We can try SGD instead of SVD (on both models) and compare the RMSE:


### Perform Funk SVD on regression baseline
train_df_norm = pd.DataFrame(data = train_mat_norm).stack().reset_index().rename(columns={'level_0':'u_id', 'level_1':'i_id', 0:'rating'})
train_df_norm.rating = train_df_norm.rating.replace(0, np.nan)   #go back to keeping nan values
f_svd_train = fsvd.SVD(learning_rate=0.001, regularization=0.015, n_epochs=200, n_factors=k)
f_svd_train.fit(train_df_norm)
train_mat_norm_comp = f_svd_train.pu.dot(f_svd_train.qi.transpose())
train_mat_pred_sgd = train_mat_norm_comp + train_mat_pred
below_1_inds = np.argwhere(train_mat_pred_sgd<1)
train_mat_pred_sgd[below_1_inds[:,0], below_1_inds[:,1]] = 1
above_5_inds = np.argwhere(train_mat_pred_sgd>5)
train_mat_pred_sgd[above_5_inds[:,0], above_5_inds[:,1]] = 5

### Perform Funk SVD on standard baseline
train_df_norm_simp = pd.DataFrame(data = train_mat_norm_simp).stack().reset_index().rename(columns={'level_0':'u_id', 'level_1':'i_id', 0:'rating'})
train_df_norm_simp.rating = train_df_norm_simp.rating.replace(0, np.nan)   #go back to keeping nan values
f_svd_train_simp = fsvd.SVD(learning_rate=0.001, regularization=0.015, n_epochs=200, n_factors=k)
f_svd_train_simp.fit(train_df_norm_simp)
train_mat_norm_simp_comp = f_svd_train_simp.pu.dot(f_svd_train_simp.qi.transpose())
train_mat_pred_simp_sgd = train_mat_norm_simp_comp + train_mat_pred_simp
below_1_inds = np.argwhere(train_mat_pred_simp_sgd<1)
train_mat_pred_simp_sgd[below_1_inds[:,0], below_1_inds[:,1]] = 1
above_5_inds = np.argwhere(train_mat_pred_simp_sgd>5)
train_mat_pred_simp_sgd[above_5_inds[:,0], above_5_inds[:,1]] = 5
### RMSE on test data for regression baseline
rmse_test_sgd = rmse(train_mat_pred_sgd, test_mat, rmna=True)
print("RMSE for regression baseline: ", rmse_test_sgd)
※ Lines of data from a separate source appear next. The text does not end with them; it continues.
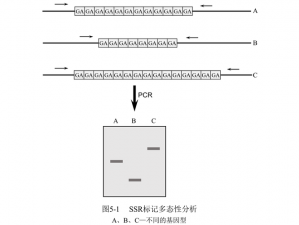 重复的SSR分解与喂养：探索其影响与作用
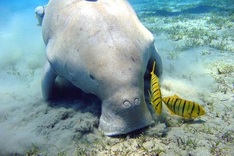 Illegal trade of dugongs uncovered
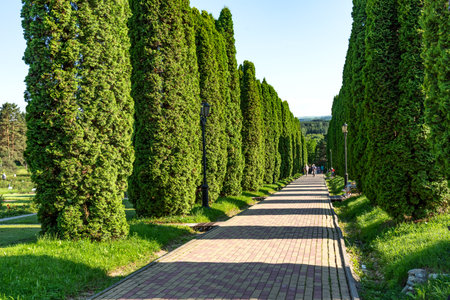 Beautiful landscape of cypress alley in Kislovodsk National Park, Russia.の写真素材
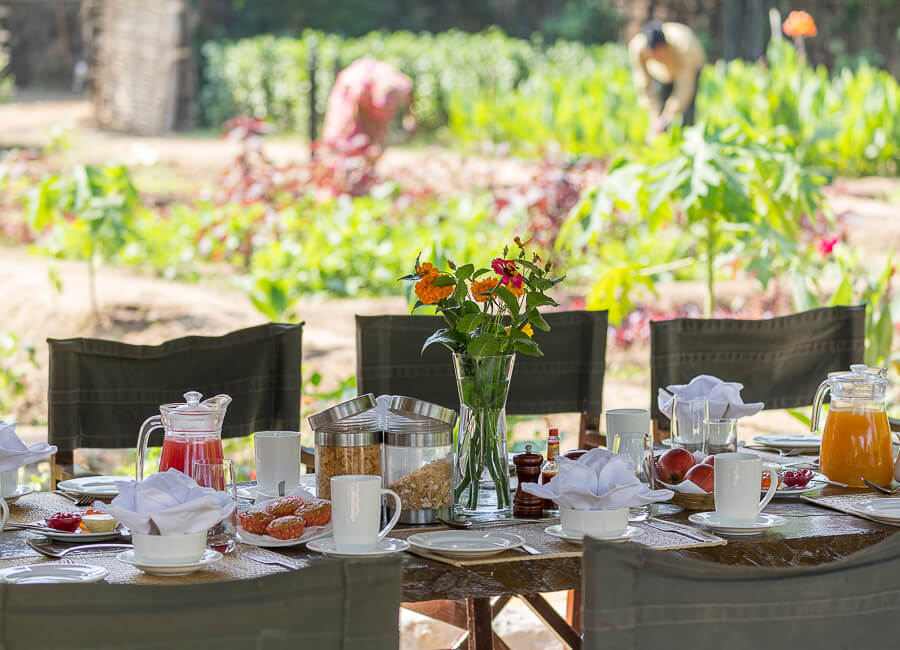Kings Lodge Bandhavgarh National Park India (Kings Lodge Alfresco Meals Options) 1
### RMSE on test data for standard baseline
## RMSE for regression baseline:  0.9271434820439688
rmse_test_simp_sgd = rmse(train_mat_pred_simp_sgd, test_mat, rmna=True)
print("RMSE for standard baseline: ", rmse_test_simp_sgd)
## RMSE for standard baseline:  0.9498245269124519

Once again, both RMSEs are lower than they were without using matrix factorization, with the regression baseline version outperforming the standard baseline version.


Summary

Using a dataset of movie ratings from MovieLens, we built several different collaborative filtering recommender models.

First we normalized our data and came up with baselines for users and items. The standard way of doing this is to use simple averages, but instead we ran a regression. Due to computational expense we used a few linear algebra tricks to speed up the regression. Next we explored dimensionality reduction using two different forms of matrix factorization.

We evaluated our various models by training them on a subset of the original data and then calculating the RMSE of predictions on the unseen test data. In doing so, we saw more accurate predictions with regression baselines compared to standard baselines, and with matrix factorization compared to no matrix factorization.

Future work could explore the distributions of the biases. Linear regression did a good job of improving point estimates for users and items, but additionally examining the shapes of user and item distributions might prove beneficial.